ChemPlot uses PCA from the scikit-learn package to compute the two principal components of the molecular dataset. PCA allows for time efficient results and for a visualization which gives a global view of the data.

cp_BBBP.pca()
cp_BBBP.visualize_plot()
../_images/gs_pca.png
cp_BACE.pca()
cp_BACE.visualize_plot()
../_images/bace_pca.png

t-SNE

ChemPlot uses t-SNE from the scikit-learn package to reduce to only 2 the number of features of the molecular dataset. t-SNE looks at local neighbourhoods of molecules when it is reducing their dimensions. In this way the local structure of the dataset is better preserved, while the global structure is mostly lost when plotting the results in a 2D graph. However because of the locality preservation that t-SNE offers it is possible to visualize well-defined clusters of similar molecules that exhibit similar properties.

cp_BBBP.tsne()
cp_BBBP.visualize_plot()
../_images/gs_tsne.png
cp_BACE.tsne()
cp_BACE.visualize_plot()
../_images/bace_tsne.png

Two important parameters of the tsne() method are perplexity and pca. The former is a positive integer parameter which defines the size of the neighbourhoods the algorithm will look for when analyzing the dataset. The higher the value of perplexity the wider the analyzed neighbourhoods. The recommended values for perplexity range from 5 to 50. The pca parameter is a Boolean value which indicates if the data has to be preprocessed with PCA. Its value is taken into account when plotting according to structural similarities when each molecule is encoded with a long number of features. Since t-SNE is computationally expensive, preprocessing the data can save substantial amounts of time when generating plots, at the cost of losing some of the molecular structural information.

UMAP

ChemPlot uses UMAP from the umap-learn package to reduce to only 2 the number of features of the molecular dataset.
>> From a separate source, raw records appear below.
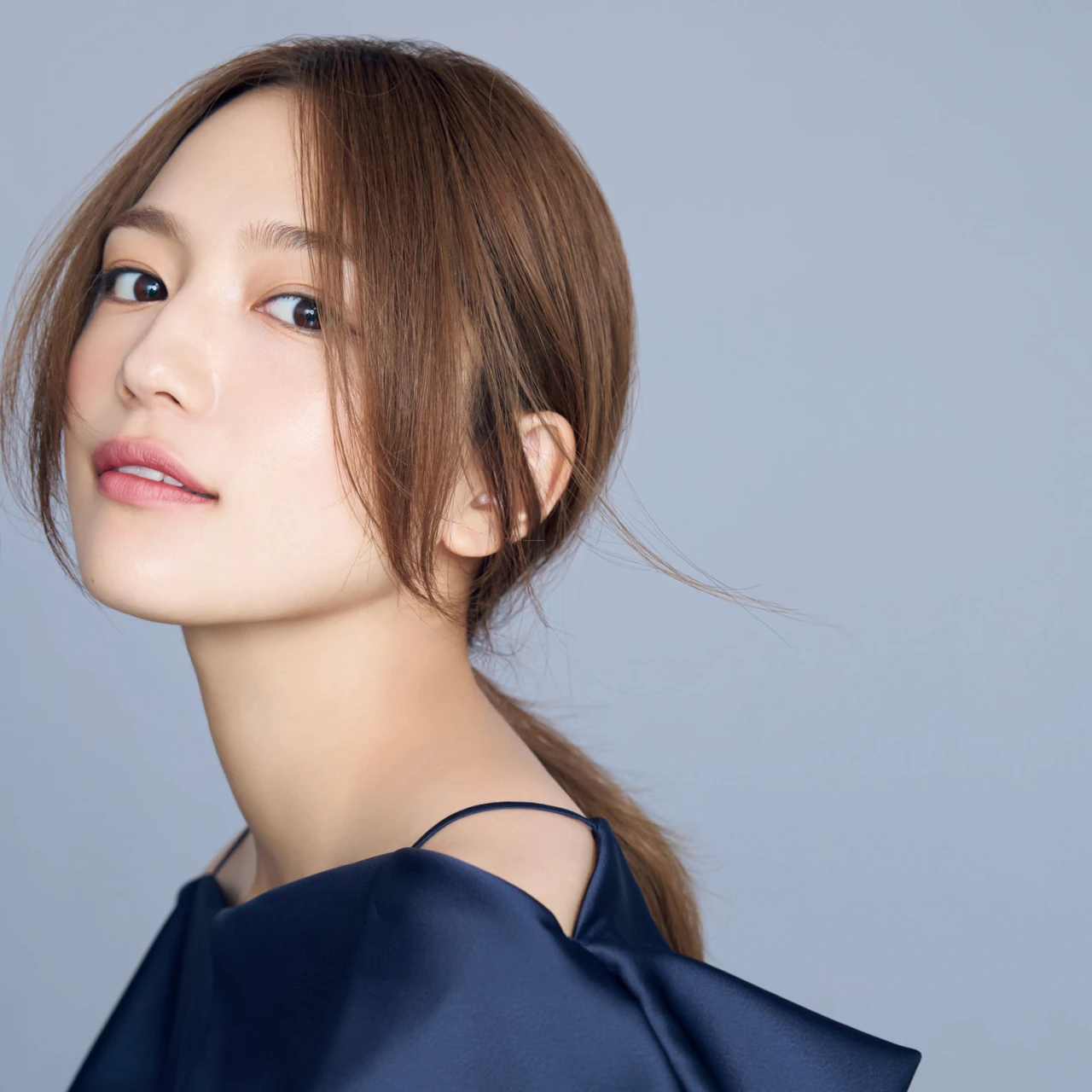 【川口春奈を語る香水】ドレスアップするときにつけたい、フレデリック マルの「ポートレート オブ ア レディー」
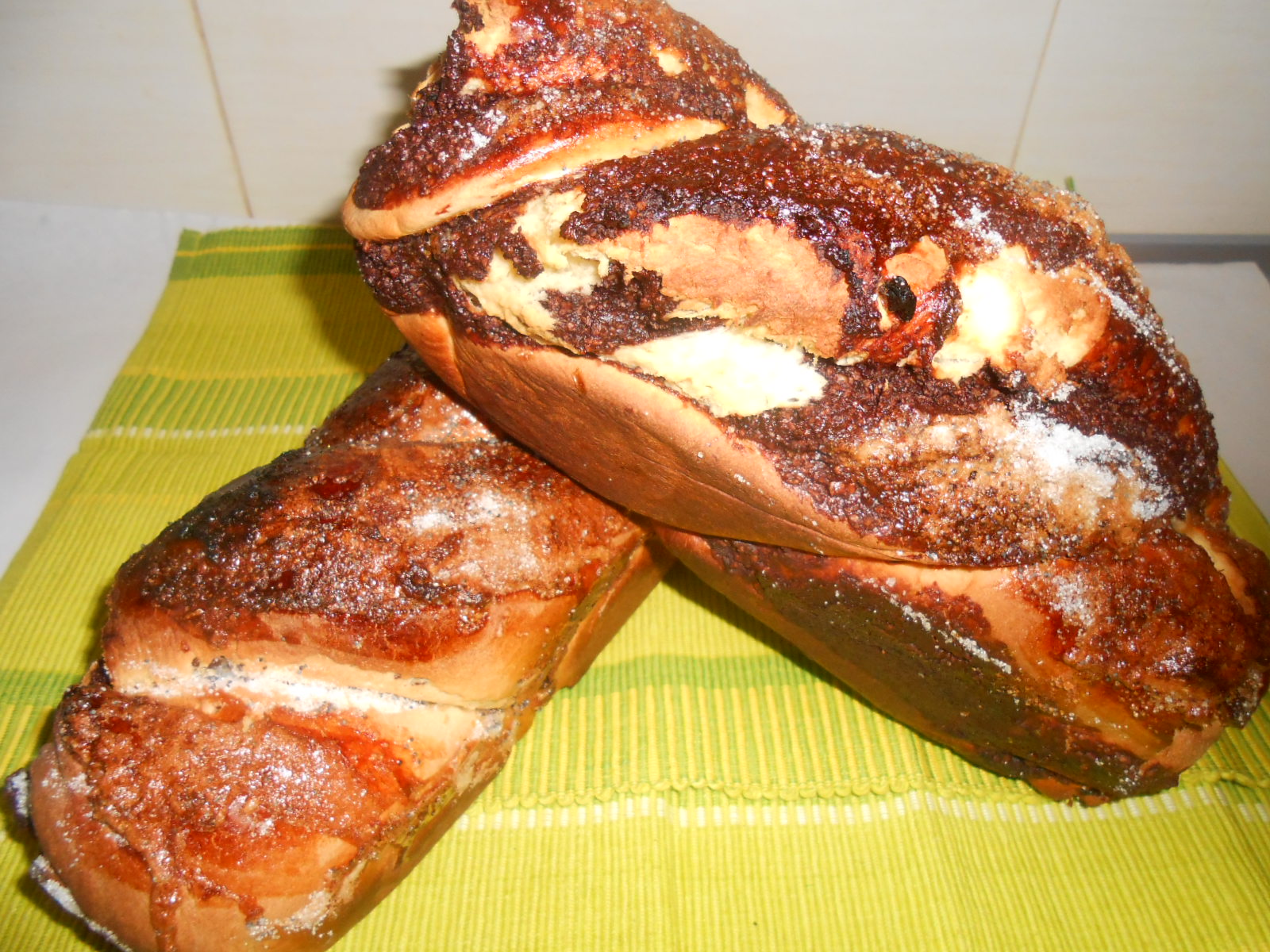 Cozonac cu crema de nuca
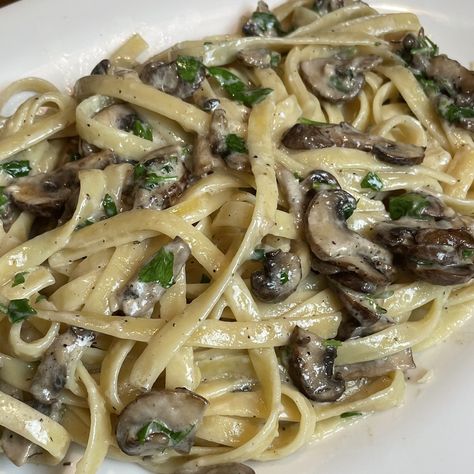 Creamy Truffle Mushroom Pasta, Creamy Truffle Pasta, Creamy Truffle Pasta Recipe, Truffle Recipe Mushroom, Truffle Fettuccine, Truffles Mushroom, Truffle Sauce Pasta, Mushroom Truffle Pasta, Truffle Pasta Recipe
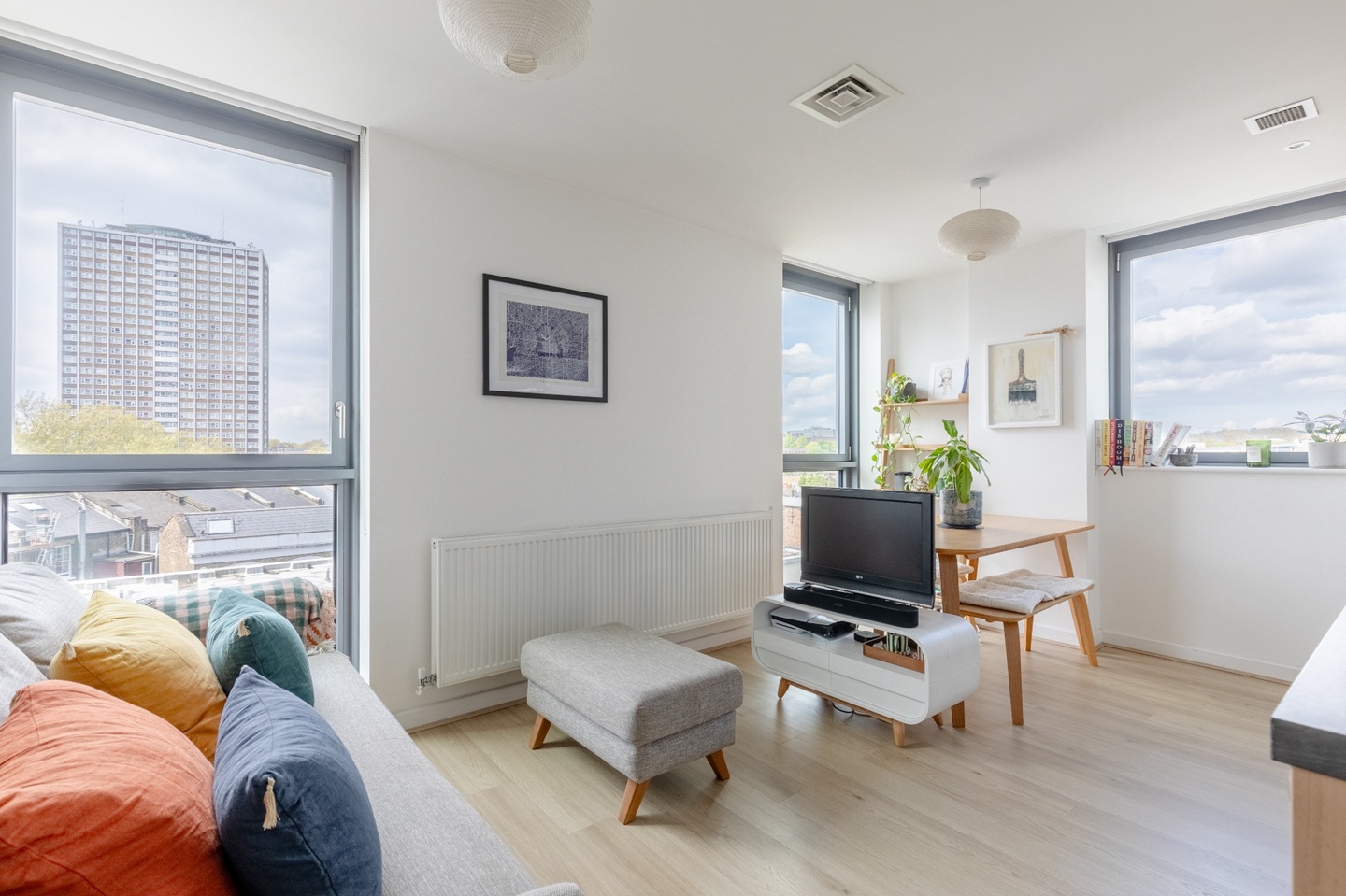 Additional image 3 of 1 Bed Flat, Fable Apartments, EC1V, N1 7GU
As t-SNE, UMAP looks at local neighbourhoods of molecules when it is reducing their dimensions. While this also results in 2D clusters of locally similar molecules, compared to t-SNE, UMAP retains more of the global structure of the dataset. Compared to t-SNE, furthermore, UMAP is much more computationally efficient and faster.

cp_BBBP.umap()
cp_BBBP.visualize_plot()
../_images/gs_umap.png
cp_BACE.umap()
cp_BACE.visualize_plot()
../_images/bace_umap.png

Two important parameters of the umap() method are n_neighbors, min_dist and pca. The former is a positive integer parameter which constrains the size of the local neighbourhood the algorithm will look for when analyzing the dataset. Low values of n_neighbors will make ChemPlot visualize very local structures. The min_dist parameter is a value which ranges from 0.0 to 0.99. It provides the minimum distance apart that points are allowed to be in the 2D graph. The pca parameter is a Boolean value which indicates if the data has to be preprocessed with PCA.


References:

1

Wold, S., Esbensen, K., Geladi, P. (1987). Principal component analysis. Chemometrics and intelligent laboratory systems. 2(1-3). 37-52.

2

van der Maaten, Laurens, Hinton, Geoffrey. (2008). Viualizingdata using t-SNE. Journal of Machine Learning Research. 9. 2579-2605.

3

McInnes, L., Healy, J., Melville, J. (2018). Umap: Uniform manifold approximation and projection for dimension reduction. arXivpreprint arXiv:1802.03426.

4

Martins, Ines Filipa, et al. (2012). A Bayesian approach to in silico blood-brain barrier penetration modeling. Journal of chemical information and modeling 52.6, 1686-1697

5

Subramanian, Govindan, et al. (2016). Computational modeling of β-secretase 1 (BACE-1) inhibitors using ligand based approaches. Journal of chemical information and modeling 56.10, 1936-1949.